Valhalla Rising (Le guerrier silencieux) – Nicolas Winding Refn

« L’art est fait pour diviser, car si l’art ne divise pas, il ne pénètre pas, et s’il ne pénètre pas, vous ne faites que le consommer. » Nicolas Winding Refn

Valhalla Rising est un film qui divise. Très peu de dialogues, mélange de violence et de contemplatif. Chapitrage prophétique, esthétisme posé dans la photo et les cadrages. Nous sommes loiiiin des clichés de guerriers nordiques et pourtant, le film nous fait côtoyer, vers l’an 1000, Vikings et Écossais, Chrétiens et Païens. Ce film envoûte autant qu’il déroute, car il est atypique.
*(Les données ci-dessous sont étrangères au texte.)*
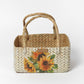 Seagrass Fruit Hamper Basket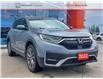 2022 Honda CR-V Touring (Stk: 16-230502A) in Orléans - Image 9 of 26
Pour re-situer le réalisateur : Nicolas Winding Refn est né en 1970 au Danemark. Il est connu pour sa trilogie Pusher et son film Drive, avec Ryan Gosling, qui reçut pas mal de prix dont celui du Prix de la mise en scène à Cannes en 2011. Son dernier film The Neon Demon, sorti en 2016, est une fable fantasmagorique sur la dictature de la beauté. Beaucoup de femmes dans ce dernier film, aucune dans Valhalla Rising, mais ce n’était pas prévu. En fait… peu de choses étaient prévues pour ce film. Refn va suivre son instinct, comme le destin de son personnage principal.

valhalla rising 2

Donc, vers l’an 1000, en Écosse, des chefs de clans font combattre à mort leurs esclaves bien battis. One-Eye, notre guerrier silencieux (joué par Mads Mikkelsen), vainc efficacement et mécaniquement. Puis il s’échappe de sa cage et de ses geôliers en les massacrant. Il est suivi par un p’tit blondinet. Ces deux croisent une troupe de vikings chrétiens qui évangélisent par le sang et le nouveau duo décide de les suivre direction Jérusalem, “the Promised Land”. Errance au cœur du brouillard. Noyade dans la folie puis la mort. On tient là une ambiance bien festive et légère comme un chiffon cake japonais, nan j’déconne, la légèreté ressemblant davantage à une grosse masse d’armes dans la gueule qui anesthésie.

the witch affiche

A l’instar du film The Witch (2015), le traitement du thème principal est à contre-pied de ce qui se fait habituellement. Que ce soit le thema sorcellerie pour l’un ou viking pour l’autre, ces deux films, à l’esthétisme et à la mise en scène audacieux, ont surpris lors de leur sortie en salles : ce n’était pas ce qui était attendu. La bande-annonce et même l’affiche étaient trompeuses. Pour Valhalla Rising, il ne faut pas s’attendre à voir une fresque mythologique ou un cours de civilisation nordique. Nein. Ici, c’est plutôt conte poétique sombre sur réalité historique en mode contemplatif. Nicolas Winding Refn ne s’en cache pas : il n’a pas du tout potassé la culture viking, limite page blanche scénar au premier jour de tournage, donc il n’y a rien à attendre à ce niveau. Le réalisateur a quand même voulu aborder la découverte hasardeuse de l’Amérique par les Vikings avant Christophe Colomb, et cette idée d’impérialisme et de religion comme moyen de conquête. On peut lancer le débat sur ces sujets, mais ce n’est ni le front ni le fond.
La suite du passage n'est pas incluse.